Gridlock in Congress threatens Ohio programs
Columbus Dispatch - March 14, 2012
Automatic spending cuts triggered by gridlock on a bipartisan congressional “supercommittee” could cost Ohio nearly $313 million next year, with a large chunk being pulled from funds for poor students and those with special needs.
The overall reduction in federal funding for the state — 1 percent — might be small, but it would hit certain programs hard.
Head Start faces a nearly 9 percent cut. So do special-education grants for K-12 schools, work-study payments for needy college students and extra nutritional aid for low-income pregnant women and children, according to an analysis done last month by the Ohio Legislative Service Commission. The study was revealed yesterday by a liberal policy group.
“It’s very disturbing,” said state Rep. Mike Foley, D-Cleveland, who asked for the report. “The state of Ohio needs to step up and figure out a way to make up the revenue shortfalls.”
The nonpartisan agency’s analysis was cited in a more detailed report issued yesterday by Policy Matters Ohio. The cuts that could take effect next year are “jarring,” according to the report, which noted that K-12 schools could lose $126 million at a time when they already are dealing with cuts in the current state budget.

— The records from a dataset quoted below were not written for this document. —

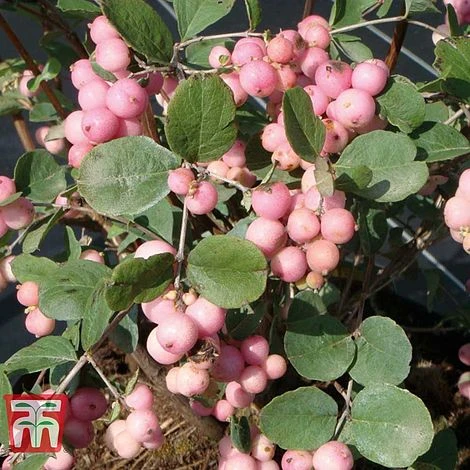 Symphoricarpos X Doorenbosii 'Amethyst' 3 Symphoricarpos X Doorenbosii 'Amethyst'
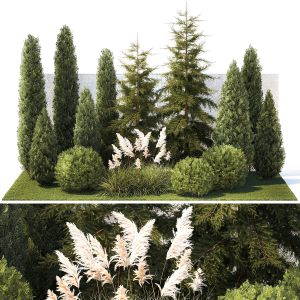 Garden With Trees Thuja Cypress Spruce Cortaderia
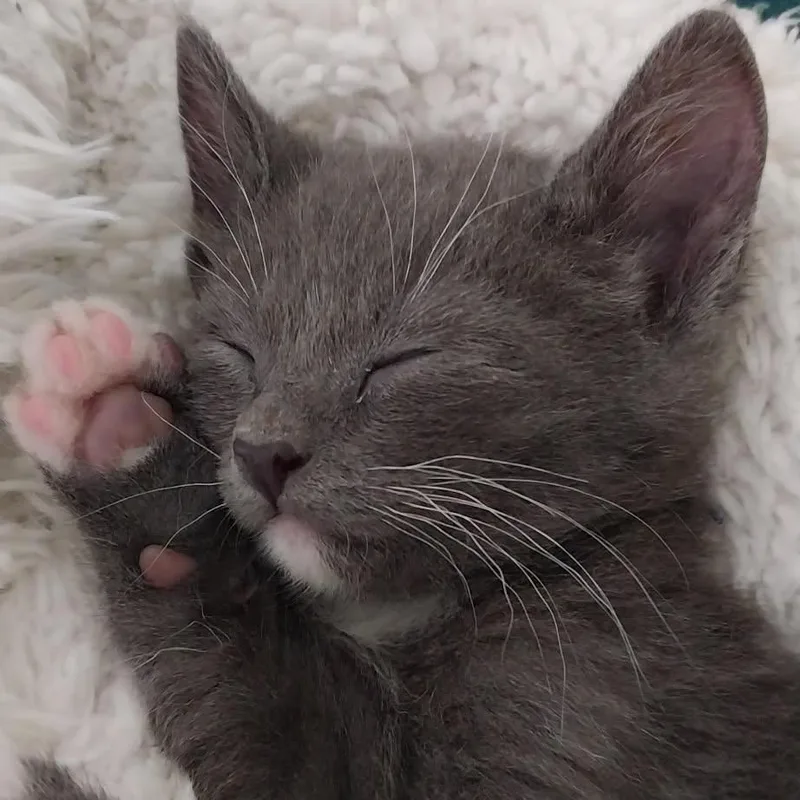 Biscuit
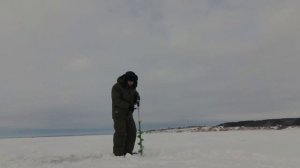 Зимняя рыбалка на Каме. Шуран. Ловля на раттлины.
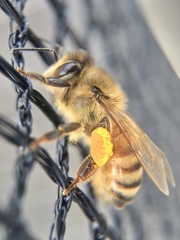 Apis mellifera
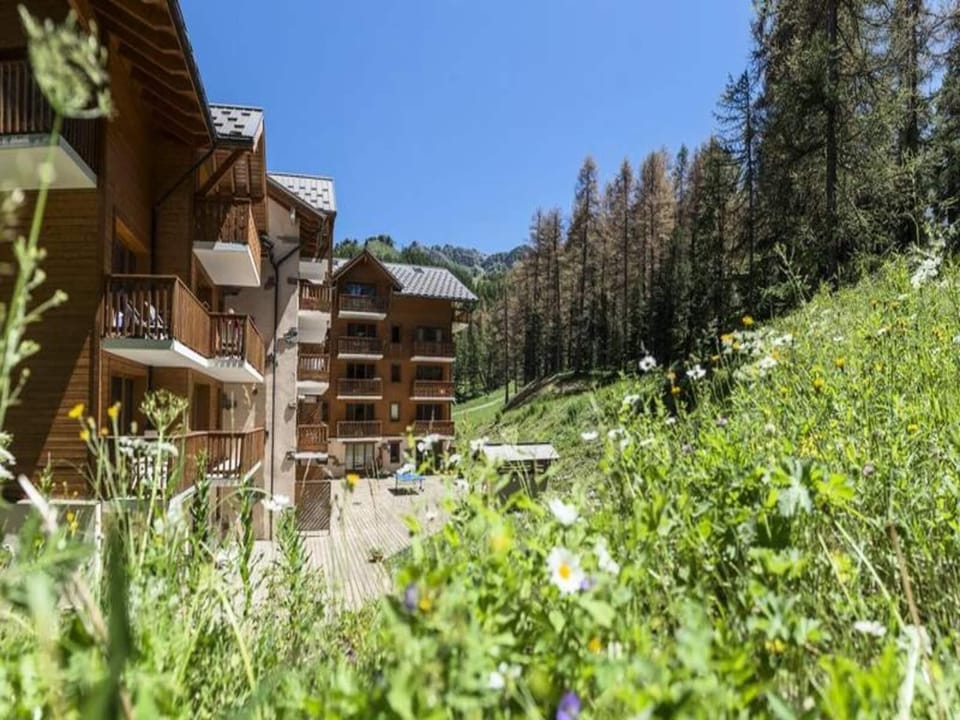 Residence Pierre  Vacances LAlbane Hotel in Piedmont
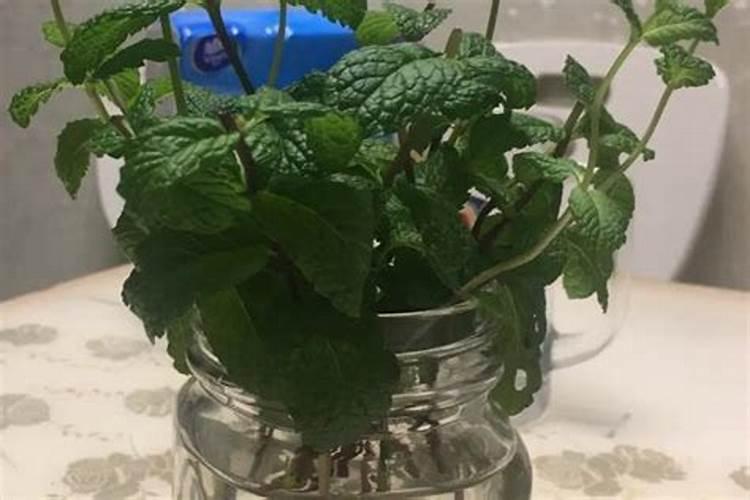 西瓜用什么肥料好？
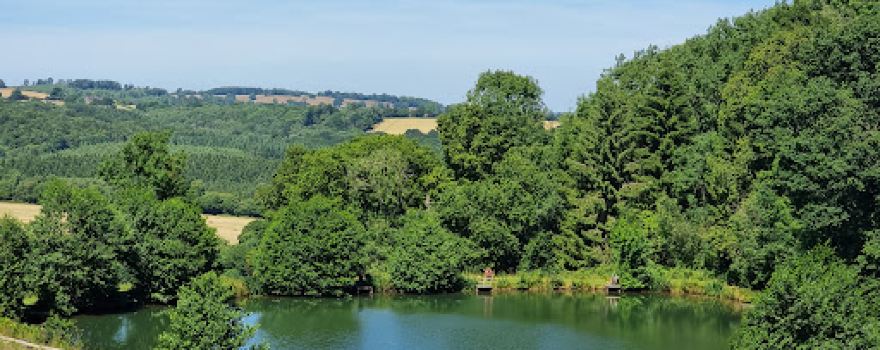 Shatterford Lakes / NICE FISHING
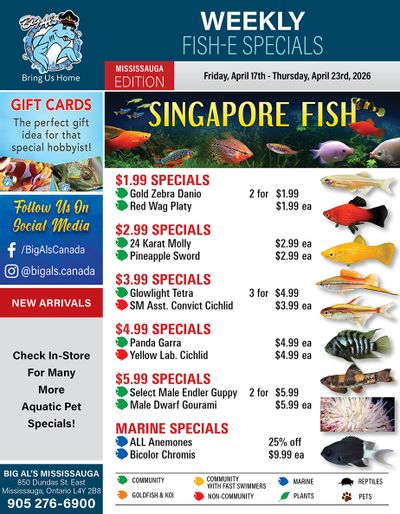 Big Al's (Mississauga) Weekly Specials April 17 to 23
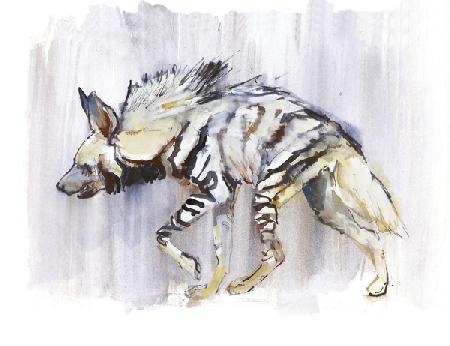 Striped Hyaena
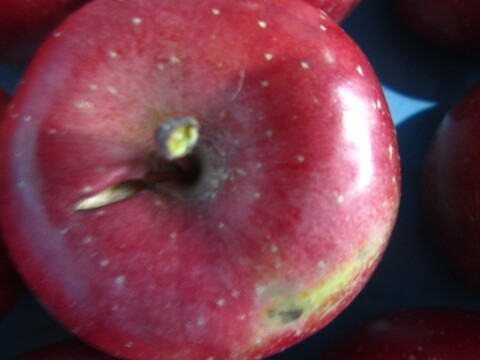 訳あり樹上完熟サンふじ 総重量 約4.5kg前後 青森県 南部地方産 自家りんご農園生産直送品！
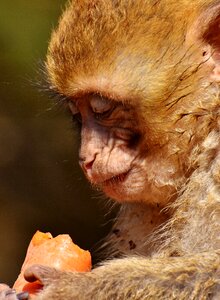 Cute endangered species monkey mountain salem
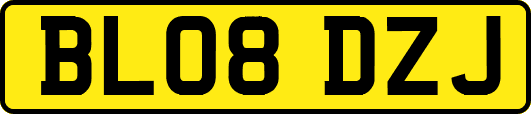 BL08DZJ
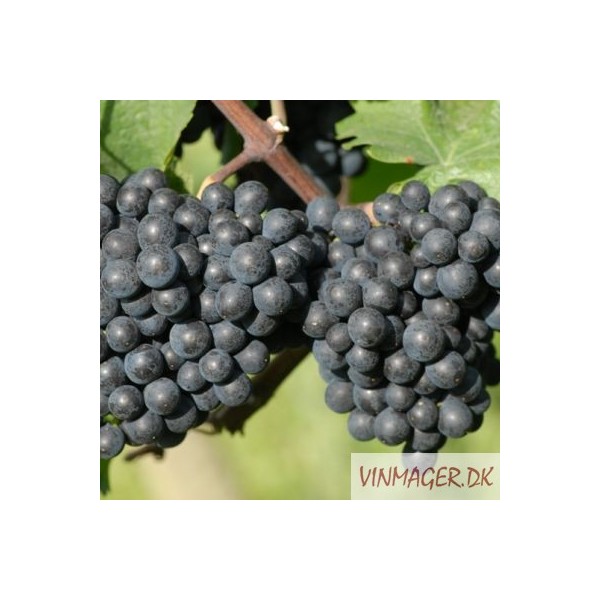 Saint Laurent. Salg i hele bundter á 25 stk.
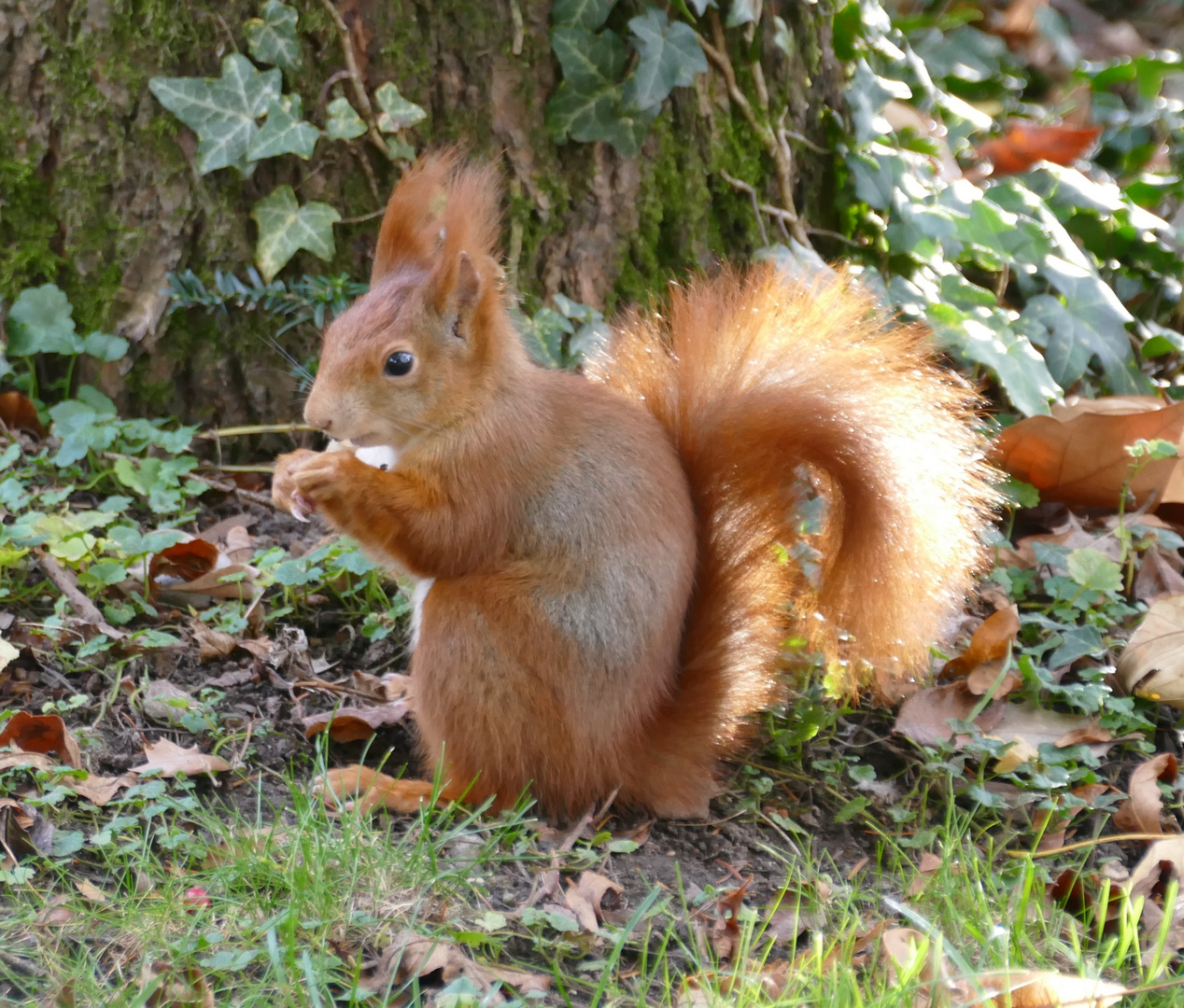 Eichhörnchen im Nordfriedhof Bonn 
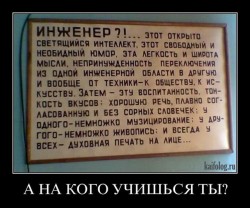 1335840363_013_1.jpg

Grants for special education would drop by $38 million, about 8.8 percent.
More than 2,000 elementary and secondary schools would lose $51 million in federal aid to meet No Child Left Behind standards. The Title I money can pay for tutors and can be used to hire instructors.
Policy Matters said Steubenville’s Wells Academy, the top-ranked public elementary school in the state that was honored with a visit from Gov. John Kasich for his State of the State address, receives Title I funds due to be cut.
The state recently sought a waiver from several provisions of the No Child Left Behind law, and it was not immediately clear how that decision would affect federal funding. A message seeking comment was left with a spokesman for the Ohio Department of Education.
Unless Congress agrees on a new deficit-cutting plan, the country faces the specter of $1.2 trillion in automatic spending cuts during the next decade, including as much as $500 billion for the Department of Defense. The cuts scheduled to occur in January 2013 were planned once the supercommittee could not reach a deal on a longer-term deficit plan in November.
The timing of yesterday’s report probably was not coincidental, as Kasich is expected to unveil a plan today to cut the state’s income tax and pay for it with new taxes on shale drilling.
Republicans say tax cuts boost the economy, but Foley said “you can’t cut your way to prosperity.”
Wendy Patton, senior policy director at Policy Matters, said: “We’ve dramatically cut taxes to the wealthy and corporations at both the state and federal level. It is time to restore reasonable taxes on those earning $250,000 and above in Ohio, so that we can invest in our future and make up for these harmful federal cuts to our communities.”
About a third of Ohio’s budget is funded with federal dollars.